I saw my first Cavalier (a tricolor puppy) at Lincoln Park in Chicago in 2007. After researching the breed, I decided my next dog was going to be a Cavalier. Soon after retiring in 2011, I received King Bailey (black and tan) as a gift. Unfortunately, Bailey was hit and killed by a car at only 9 months old. I was completely devastated! Within a week, I purchased another black and tan puppy, Bear. After that came Lacey (tricolor), Libbie (ruby), Callie (tricolor), JoJo (Blenheim AKC Champion), Annie (Blenheim), Tilly (ruby), Quinn (tricolor AKC Champion), Penny (ruby), Maggie (Blenheim), Emmie (Blenheim), and Ginny (tricolor).
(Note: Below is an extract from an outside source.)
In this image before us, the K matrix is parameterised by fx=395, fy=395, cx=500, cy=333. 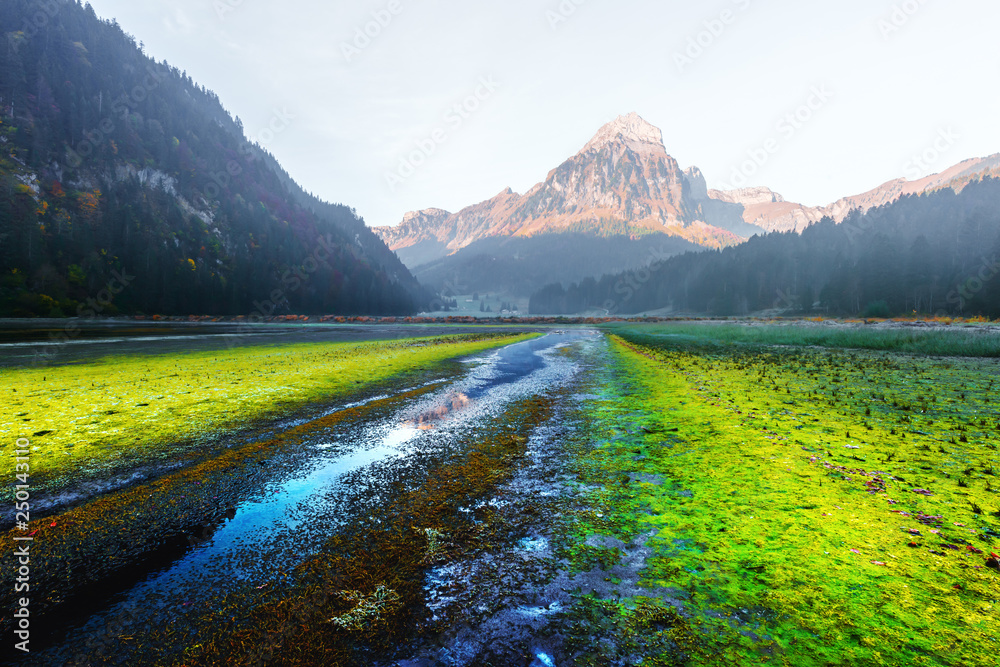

One of the hardest things I've had to do is rehome the dogs that couldn't breed so I could continue to breed and share the love. Lacey, Bear, Libbie, Tilly, and JoJo have all gone to new homes. Other than Bear who escaped his backyard and was killed by a car, I keep in touch with the new families and often get to visit with my "kids".
Cavaliers are prone to a number of serious health conditions. Buying a Cavalier is always a risk. That risk is reduced with health testing. There is no way to eliminate the risk. A responsible breeder will be happy to provide copies of health certificates. My goal is to improve the breed with primary emphasis on health without sacrificing good conformation..
Cavaliers are wonderful companions. Once you have one, you'll never be without one. Cavaliers come in four colors: Black and tan, ruby, Blenheim (chestnut and white), and tricolor (black and white with tan markings). I recommend at least one of each color.